Critico con le chiusure italiane ai tentativi d’apertura sammarinesi di questi ultimi mesi, perché tra l’altro contrarie alla storia dei rapporti tra i due Stati, si è detto anche Massimo Vannucci: “San Marino è una piccola repubblica che ha saputo garantirsi libertà e autonomia e ha intrecciato la sua storia con quella dell’Italia. In particolare, durante il Risorgimento: dall’aiuto offerto a Garibaldi in fuga da Roma al primo trattato tra Stati firmato nel 1862 da Cavour”.

Per Vannucci, si corre il rischio di vedere l’Italia praticare “bullismo diplomatico-finanziario” verso la Repubblica del Titano, mentre è invece necessario “Evitare di volere dimostrare quanto siamo grandi e forti solo perché abbiamo 64 milioni d’abitanti” e ricordare invece che “ogni giorno 7 mila italiani si recano a San Marino a lavorare”.

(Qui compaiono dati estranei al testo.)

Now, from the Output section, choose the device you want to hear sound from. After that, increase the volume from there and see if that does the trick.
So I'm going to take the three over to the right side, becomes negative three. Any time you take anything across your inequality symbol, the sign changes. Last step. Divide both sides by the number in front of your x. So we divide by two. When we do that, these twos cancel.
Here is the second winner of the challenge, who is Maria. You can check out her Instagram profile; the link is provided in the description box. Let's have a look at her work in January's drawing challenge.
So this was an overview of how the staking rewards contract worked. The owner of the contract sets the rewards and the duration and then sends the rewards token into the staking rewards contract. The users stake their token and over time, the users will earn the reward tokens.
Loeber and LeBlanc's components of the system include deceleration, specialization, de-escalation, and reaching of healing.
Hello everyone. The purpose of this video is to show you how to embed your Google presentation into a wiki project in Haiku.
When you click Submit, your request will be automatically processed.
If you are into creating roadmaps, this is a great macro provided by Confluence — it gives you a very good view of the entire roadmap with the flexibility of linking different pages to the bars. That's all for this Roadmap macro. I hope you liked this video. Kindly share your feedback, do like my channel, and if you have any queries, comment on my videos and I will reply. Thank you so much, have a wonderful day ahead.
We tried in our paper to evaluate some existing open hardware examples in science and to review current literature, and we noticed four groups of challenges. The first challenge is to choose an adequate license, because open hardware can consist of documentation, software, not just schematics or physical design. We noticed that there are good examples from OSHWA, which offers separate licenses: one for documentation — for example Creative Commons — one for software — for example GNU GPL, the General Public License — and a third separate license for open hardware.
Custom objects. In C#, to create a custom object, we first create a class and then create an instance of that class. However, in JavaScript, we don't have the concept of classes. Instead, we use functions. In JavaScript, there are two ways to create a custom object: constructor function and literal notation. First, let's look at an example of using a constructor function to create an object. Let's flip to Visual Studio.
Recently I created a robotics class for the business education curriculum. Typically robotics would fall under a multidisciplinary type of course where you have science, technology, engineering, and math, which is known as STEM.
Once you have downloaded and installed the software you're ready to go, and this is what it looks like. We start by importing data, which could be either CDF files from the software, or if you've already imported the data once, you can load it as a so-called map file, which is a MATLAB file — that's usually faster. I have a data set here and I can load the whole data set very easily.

“Con “Visti da Lontano” ho cercato solo di fare il mestiere di cronista. Ho raccontato la storia dei rapporti tra le due nazioni e ho offerto i sammarinesi, l’immagine di come i politici italiani ci vedono. Ho cercato di ricostruire le origini di una frattura oggi evidente e grave – ha dichiarato Barducci – il mio libro è solo uno strumento per aiutare a capire e sono felice che abbia originato così tanta discussione e dibattito. Credo sia questo il compito di chi cerca di raccontare agli altri la realtà”.

Del resto dibattiti e confronti hanno, infatti, caratterizzato le presentazioni del libro. Era stato così a San Marino, dove istituzioni e governo hanno riletto in modo critico un generale ritardo ad adeguarsi a uno scenario economico e finanziario profondamente cambiato. Mentre a Rimini aveva addirittura dato origine un appello “bipartisan” del presidente della Provincia, Stefano Vitali (PD) e del consigliere regionale, Marco Lombardi (PDL). Entrambi concordi nel chiedere l’intervento dell’Emilia Romagna nei confronti del governo per sbloccare una situazione di estrema difficoltà.